The 1977 “strawberry” amendment allows an agricultural employer who is required to pay the federal agricultural minimum wage to apply for an administrative waiver permitting the employment of children of others, ages 10 and 11, outside of school hours and for not more than eight weeks in the calendar year. 29 U.S.C. § 213(c)(4). Applicants for the waiver must submit objective data showing a crop with a short harvesting season, unavailability of employees ages 12 and above, a past tradition of employing younger children, and the potential of severe economic disruption if this work force is not available.  In addition, the applicant must demonstrate that the level and type of pesticides and other chemicals used will not have an adverse effect on the health or well-being of the individuals to whom the waiver would apply.  Compliance with adult field worker standards will not necessarily satisfy this requirement.

Recent Case

In Ramirez v. Statewide Harvesting & Hauling, No. 20-11995, 2021 U.S. App. LEXIS 15215 (11th Cir. May 21, 2021), aff’g., 2019 U.S. Dist. LEXIS 235412 (M.D. Fla., Sept. 30, 2019), the defendant, a fruit-harvesting company, employed primarily temporary foreign guest workers as H-2A harvest workers.  As such, the defendant was required to provide housing (and housing amenities) and meals (or free access to a kitchen).  The defendant provided cooking facilities rather than meals and contracted for crew leaders to transport the harvest workers to such places as grocery stores, laundromats and banks on a weekly basis.  Each trip took four hours, and the crew leaders were not paid overtime when they worked over forty hours in a week.  The defendant acknowledged that the crew leaders worked over 40 hours per week on occasion, but claimed that the crew leaders were engaged in “agricultural” employment and, as such, the defendant was exempt from paying overtime wages.  Both parties motioned for summary judgment. 

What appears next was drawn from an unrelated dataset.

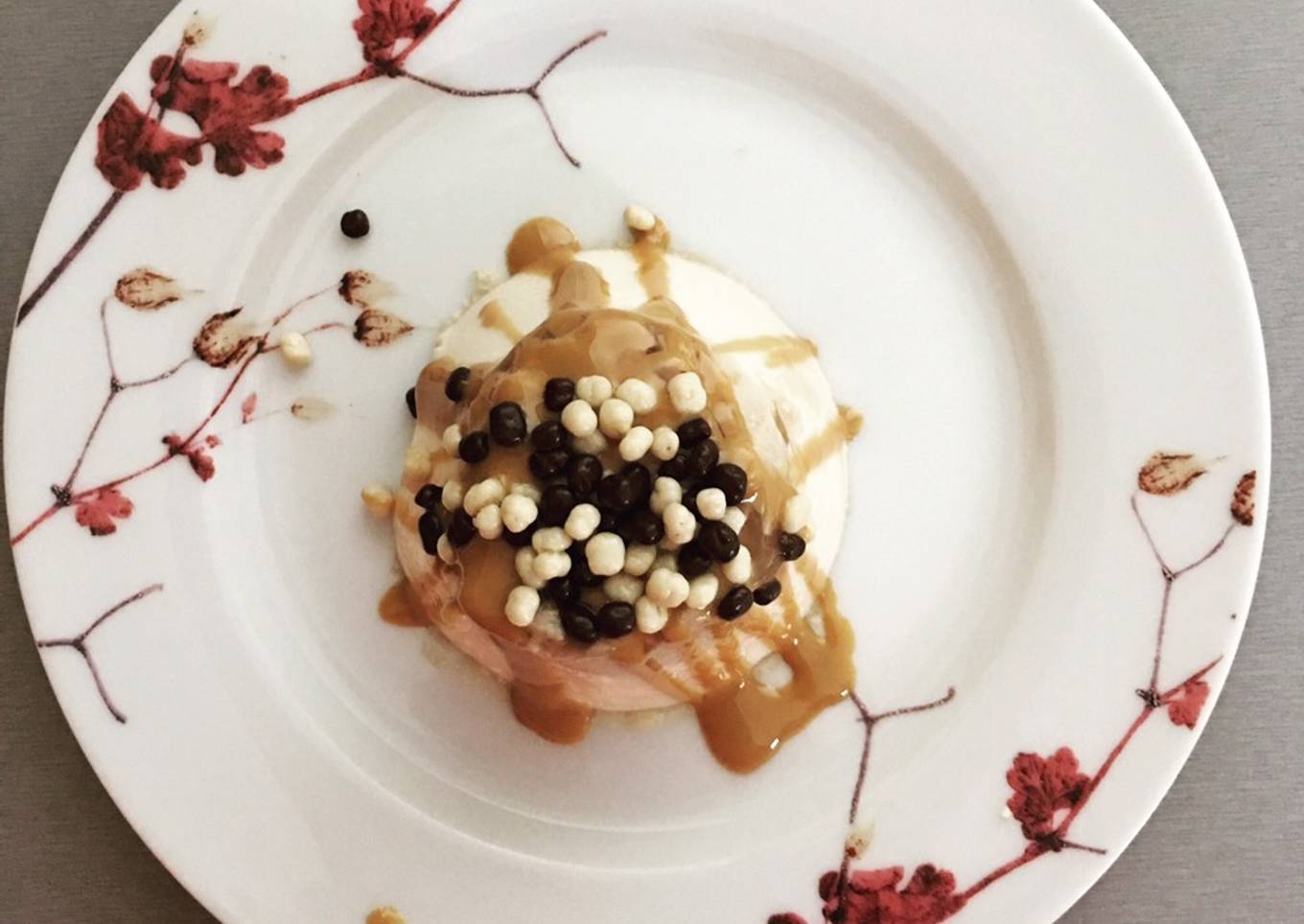 Flan de huevo y crema de cacahuete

The federal trial court referred the motions to a magistrate.  The magistrate concluded that the defendant did not fall within the definition of a “farmer.”  The magistrate also determined that the transportation of the field workers did not involve work performed on a farm and that the trips were more than just a minor part of the workers job responsibilities.  While this indicated that that exemption would not apply, the magistrate recommended that time spent transporting the workers was exempt from the requirement to pay overtime wages because the defendant provided the transportation to be compliant with the H-2A program. 

The trial court determined that the activities of the crew leaders were not performed by a farmer.  As such, the transportation activities that occurred wholly off of the farm were not exempt from the requirement to pay the overtime wage rate of time and a half for the hours worked exceeding 40 hours per week.  29 U.S.C. §207((a)(1).   

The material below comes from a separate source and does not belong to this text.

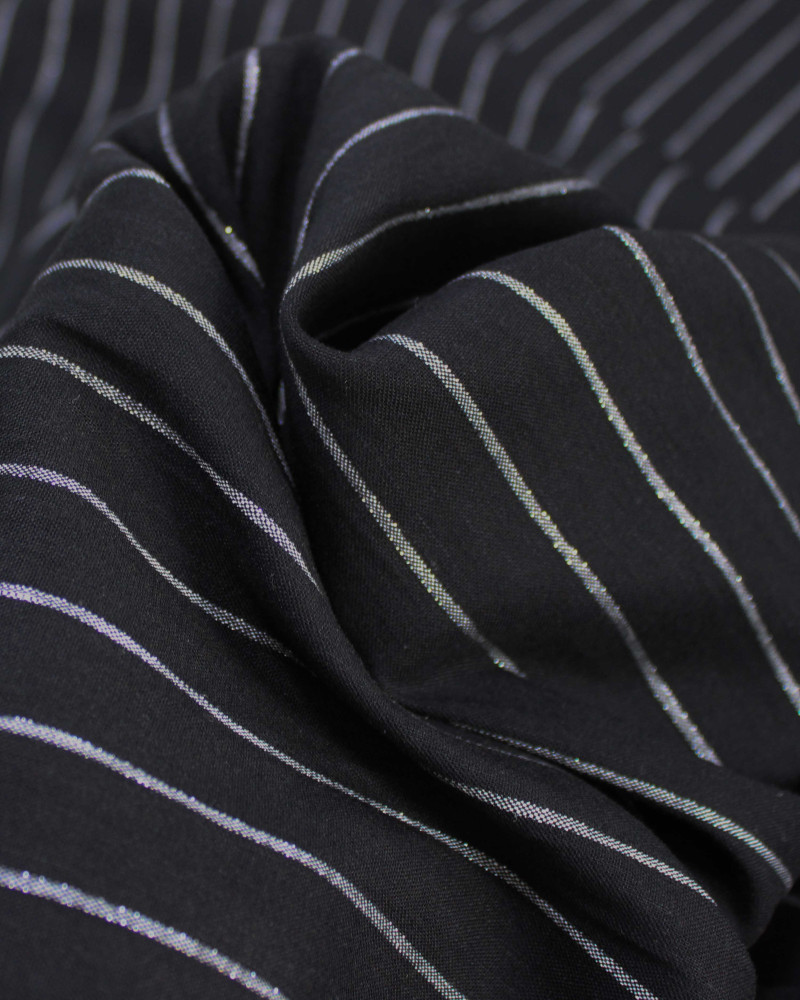 Tecido Linho Misto Italiano Risca de Giz com Lurex Preto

The appellate court affirmed, finding that the transportation of the workers did not involve “farming.”  The appellate court also determined that the transportation activity did not constitute “secondary agriculture” because it wasn’t performed by a farmer or performed on the farm.  In addition, the appellate court concluded that the defendant was not a “farmer” because it did not “own, lease, or control” the farms or crops that the workers harvested.  See 29 C.F.R. §780.131The appellate court also determined that the defendant could not utilize the primary and secondary definition of “agriculture.”  The activity at issue did not occur on a “farm.” Thus, because the activity of the crew leaders in transporting the field workers to town and back was not performed on a farm or by a farmer, the appellate court affirmed the plaintiff’s motion for summary judgment. 

Conclusion

Agriculture often has special rules that apply in the context of the law, including tax law.  The overtime exemption under the FLSA is just one of those unique areas.  But, to use the rule for agriculture, one must satisfy the applicable definitions.